Records from a data source
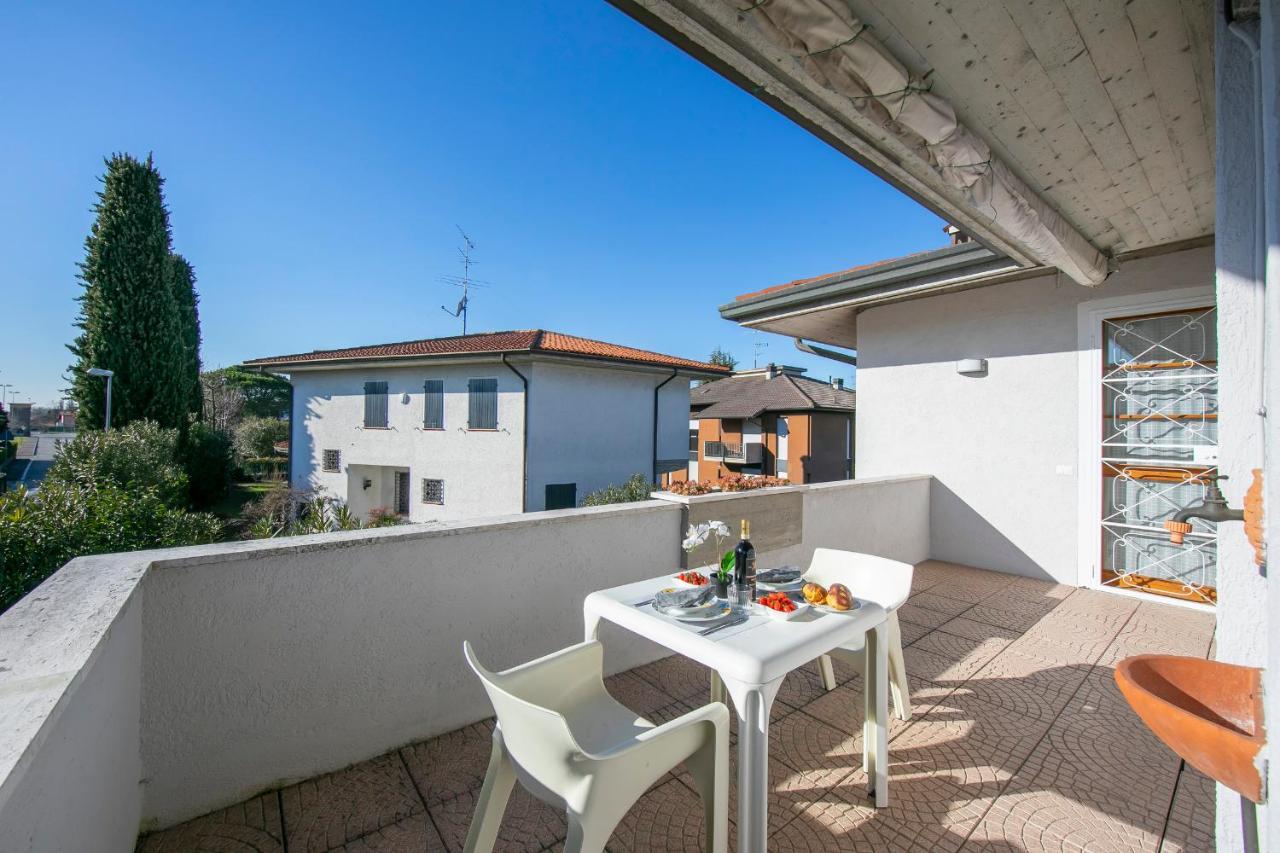 Villa Fiorita Apartments - Happy Rentals Sirmione Exteriér fotografie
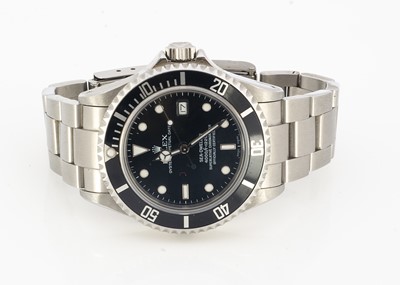 Lot 171 - A 1980s Rolex Oyster Perpetual Date Sea Dweller stainless steel wristwatch
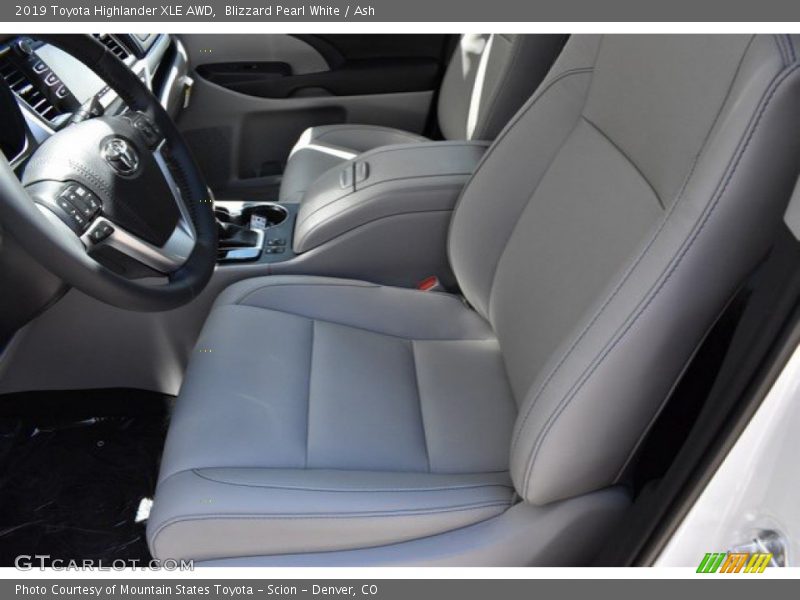 Blizzard Pearl White / Ash 2019 Toyota Highlander XLE AWD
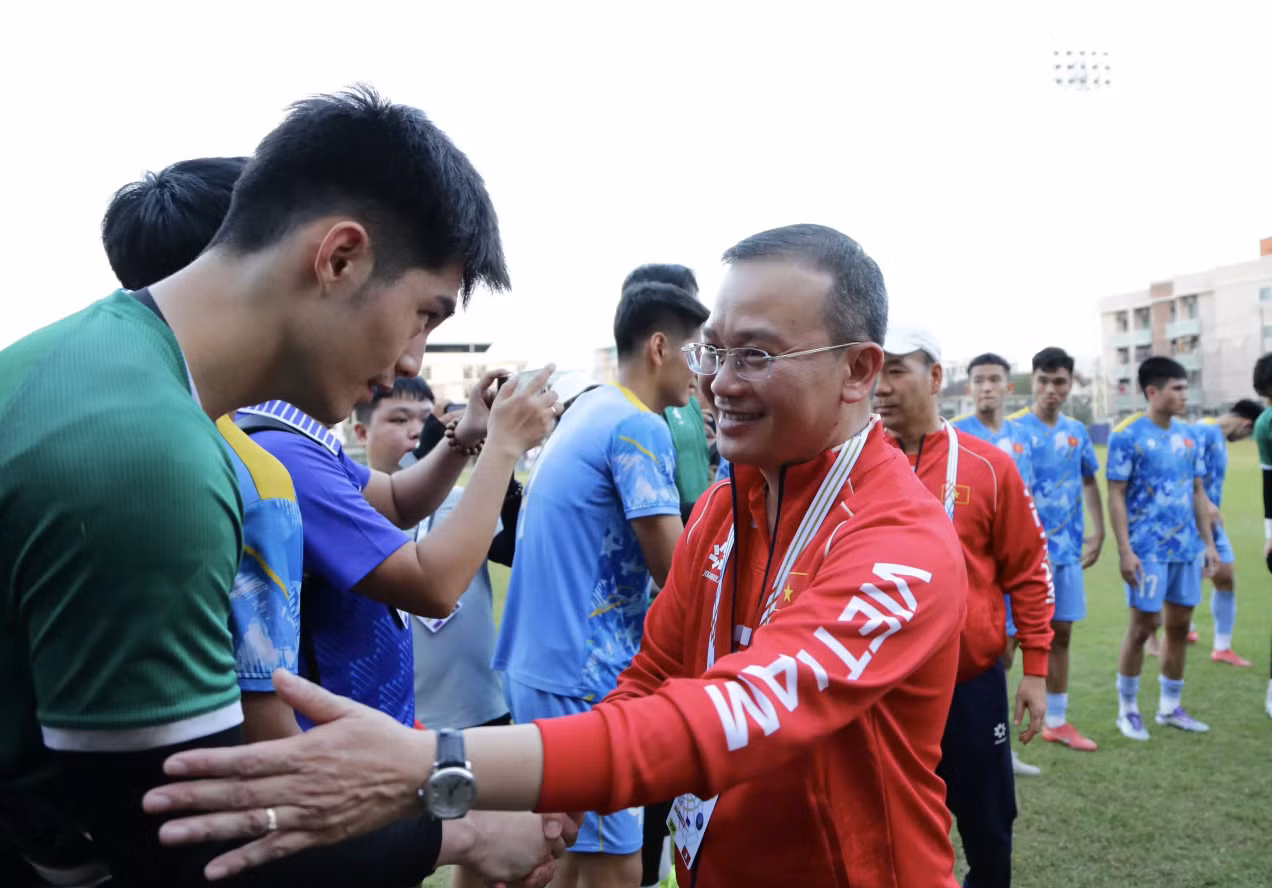 Trưởng đoàn Nguyễn Hồng Minh động viên các cầu thủ U23 Việt Nam tại SEA Games 33 (Thái Lan)
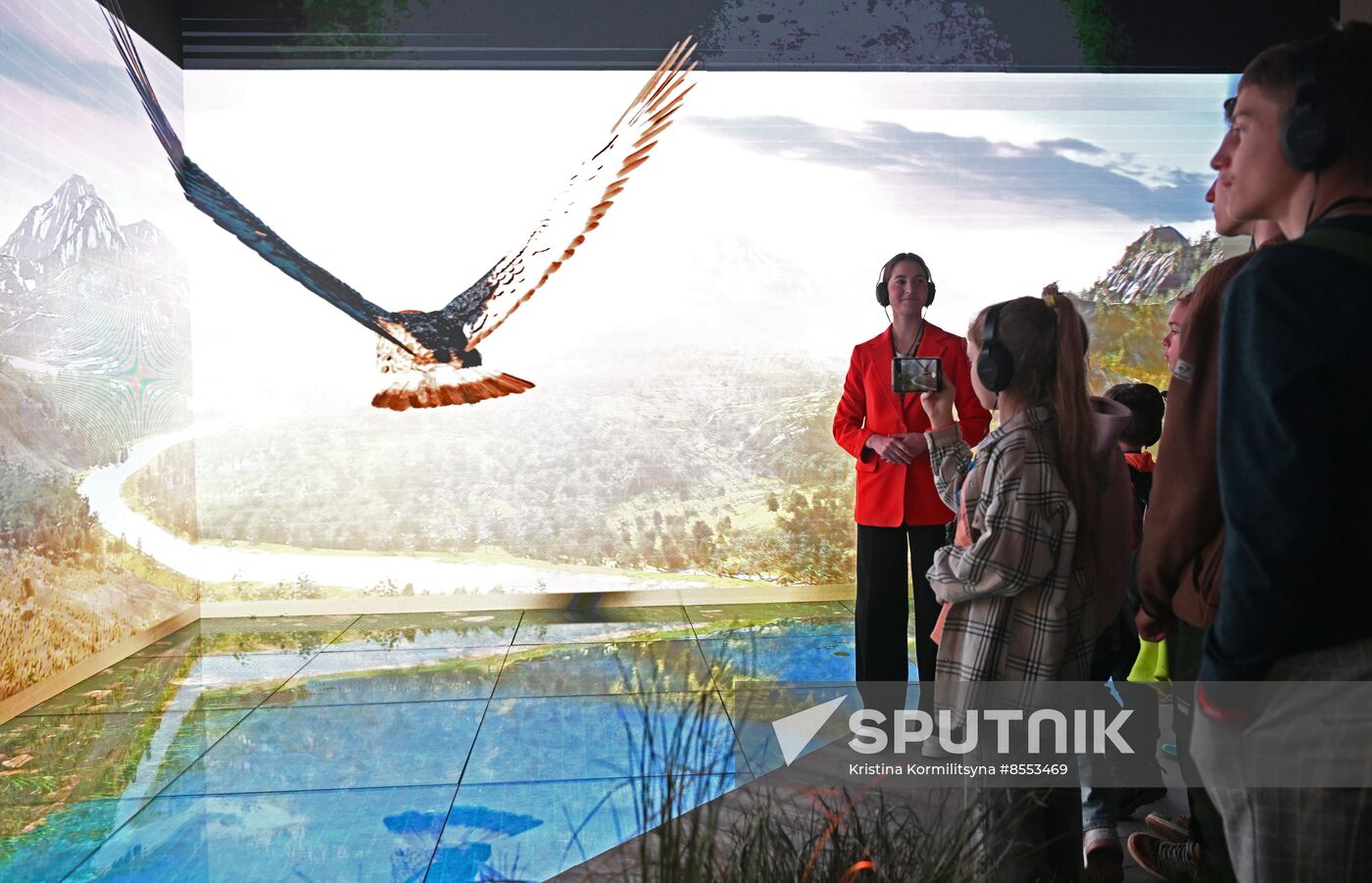 International RUSSIA EXPO forum and exhibition. Children's groups from various regions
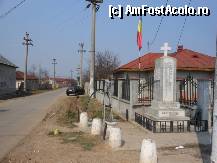 [P13] Satul Sitaru - Monumentul eroilor si strada spre manastire. » foto by iulianic
 - 
<span class="allrVoted glyphicon glyphicon-heart hidden" id="av306738"></span>
<a class="m-l-10 hidden" id="sv306738" onclick="voting_Foto_DelVot(,306738,4638)" role="button">șterge vot <span class="glyphicon glyphicon-remove"></span></a>
<a id="v9306738" class=" c-red"  onclick="voting_Foto_SetVot(306738)" role="button"><span class="glyphicon glyphicon-heart-empty"></span> <b>LIKE</b> = Votează poza</a> <img class="hidden"  id="f306738W9" src="/imagini/loader.gif" border="0" /><span class="AjErrMes hidden" id="e306738ErM"></span>
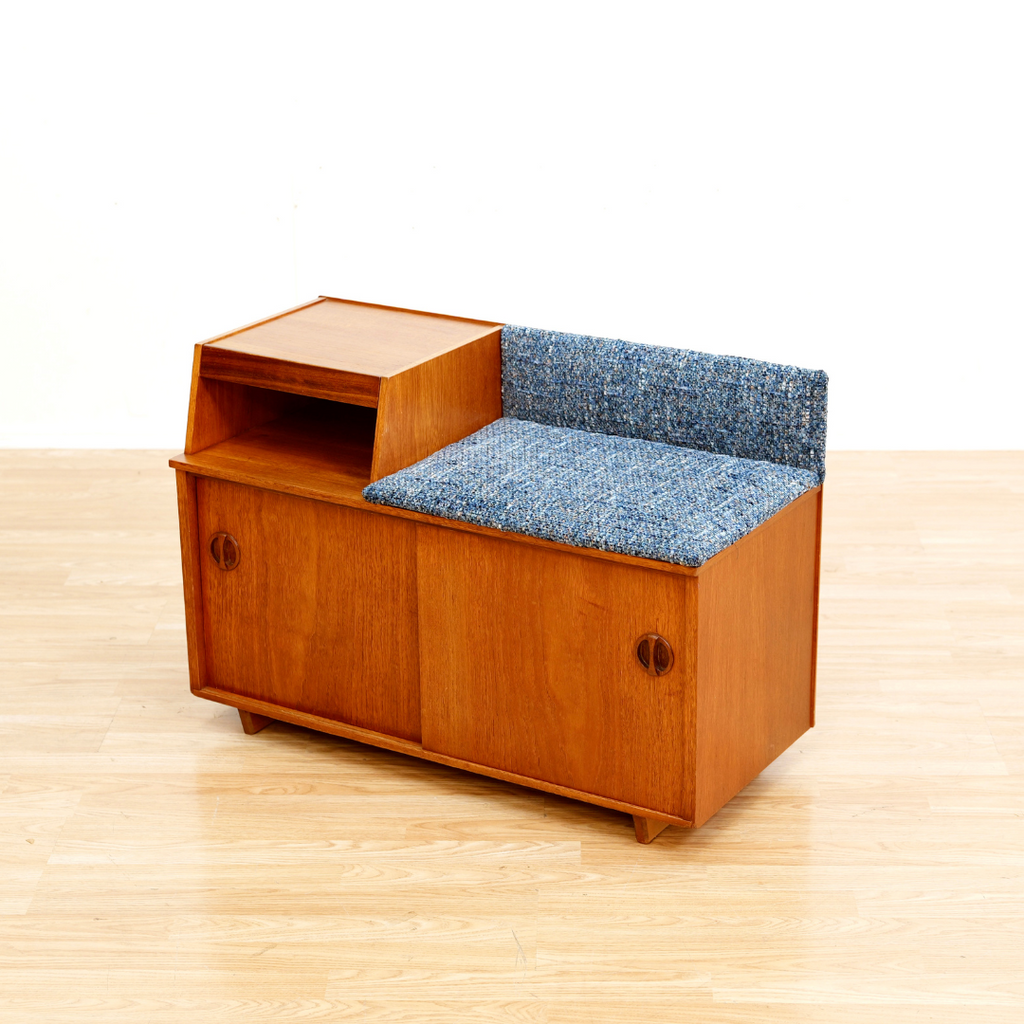 MID CENTURY ENTRYWAY BENCH IN TEAK BY CHIPPY HEATH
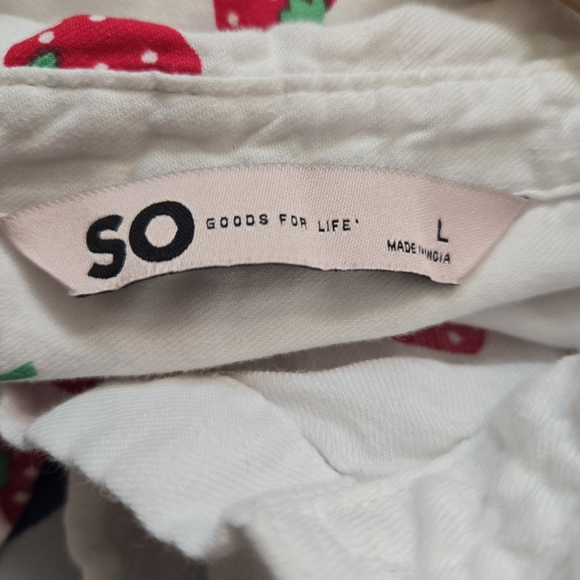 So white and red strawberry blouse size L - Picture 4 of 4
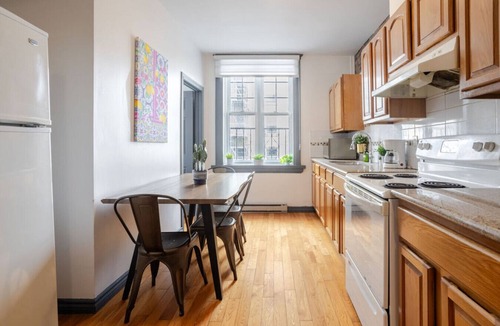 Shaughnessy Village Apartment | Prime Location | Charming 4BR in Downtown MTL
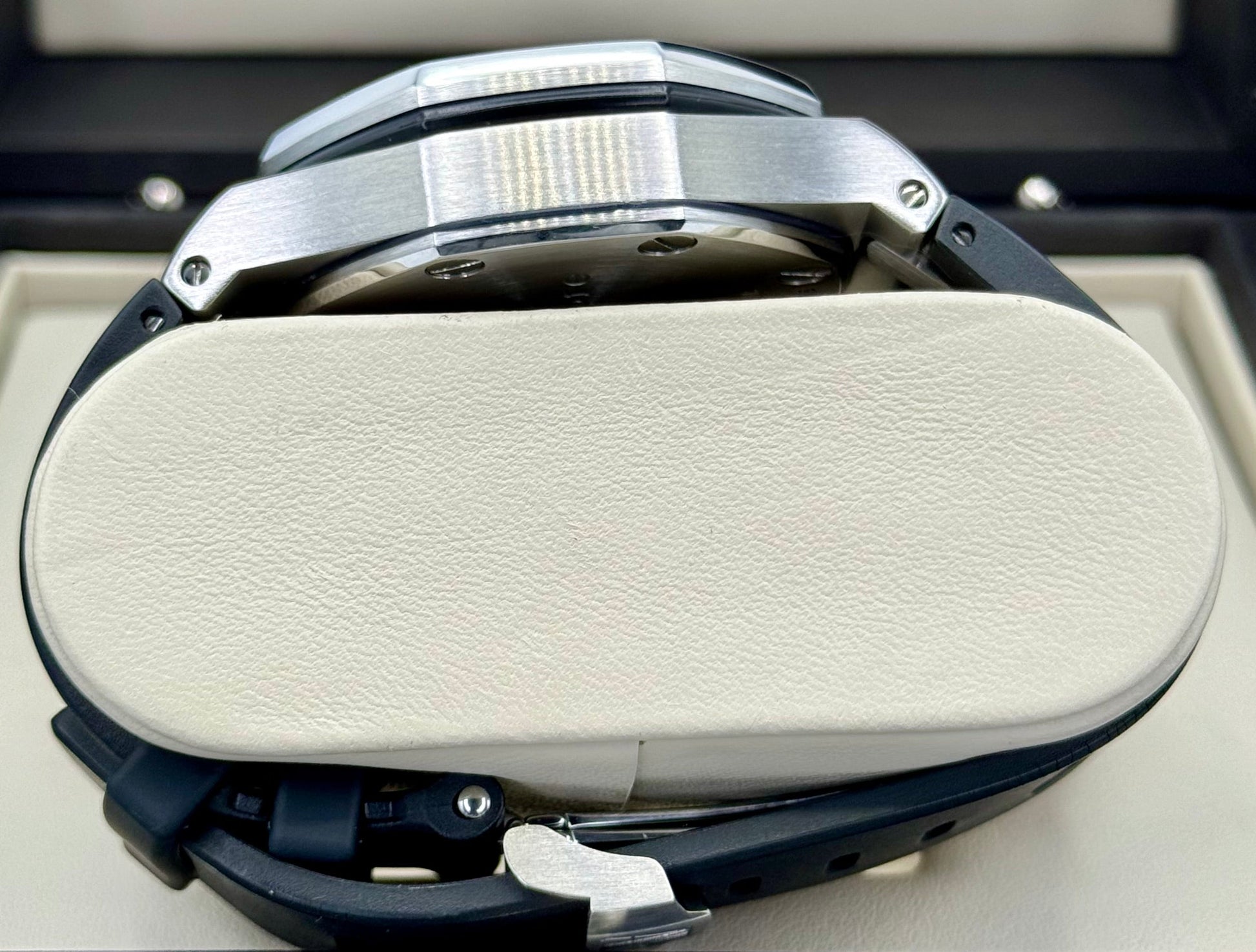 Audemars Piguet Royal Oak 42mm 26170ST  Offshore Volcano - MyWatchLLC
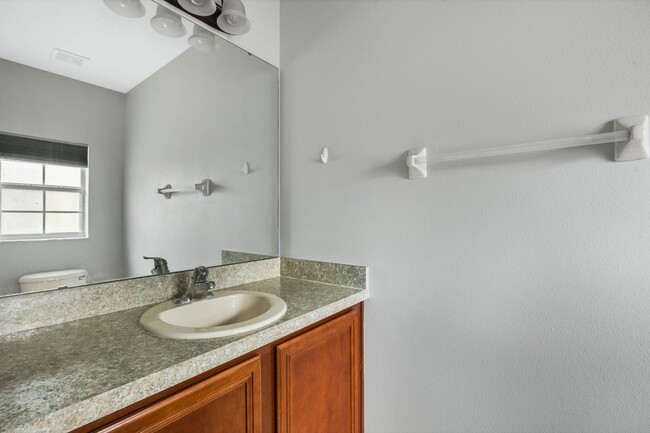 Building Photo - Spacious Water View 3/2.5/1 Winter Park To...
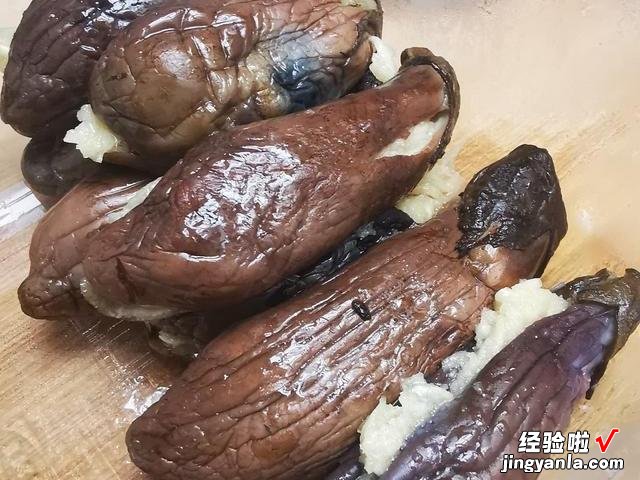 每年深秋，东北人必腌一缸蒜茄子，简单美味下饭，够吃一个冬天了
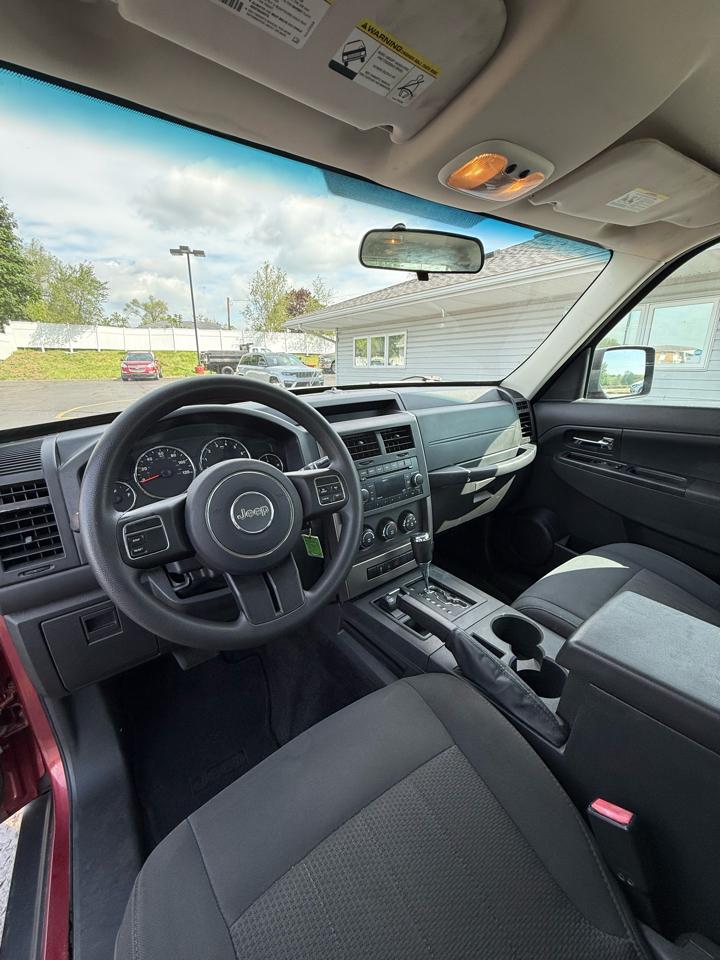 Jeep Liberty Sport 4WD 2012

— Activity —
With the images excluded, output every record verbatim.

— Output of the task —
 Villa Fiorita Apartments - Happy Rentals Sirmione Exteriér fotografie
 Lot 171 - A 1980s Rolex Oyster Perpetual Date Sea Dweller stainless steel wristwatch
 Blizzard Pearl White / Ash 2019 Toyota Highlander XLE AWD
 Trưởng đoàn Nguyễn Hồng Minh động viên các cầu thủ U23 Việt Nam tại SEA Games 33 (Thái Lan)
 International RUSSIA EXPO forum and exhibition. Children's groups from various regions
 [P13] Satul Sitaru - Monumentul eroilor si strada spre manastire. » foto by iulianic
 - 
<span class="allrVoted glyphicon glyphicon-heart hidden" id="av306738"></span>
<a class="m-l-10 hidden" id="sv306738" onclick="voting_Foto_DelVot(,306738,4638)" role="button">șterge vot <span class="glyphicon glyphicon-remove"></span></a>
<a id="v9306738" class=" c-red"  onclick="voting_Foto_SetVot(306738)" role="button"><span class="glyphicon glyphicon-heart-empty"></span> <b>LIKE</b> = Votează poza</a> <img class="hidden"  id="f306738W9" src="/imagini/loader.gif" border="0" /><span class="AjErrMes hidden" id="e306738ErM"></span>
 MID CENTURY ENTRYWAY BENCH IN TEAK BY CHIPPY HEATH
 So white and red strawberry blouse size L - Picture 4 of 4
 Shaughnessy Village Apartment | Prime Location | Charming 4BR in Downtown MTL
 Audemars Piguet Royal Oak 42mm 26170ST  Offshore Volcano - MyWatchLLC
 Building Photo - Spacious Water View 3/2.5/1 Winter Park To...
 每年深秋，东北人必腌一缸蒜茄子，简单美味下饭，够吃一个冬天了
 Jeep Liberty Sport 4WD 2012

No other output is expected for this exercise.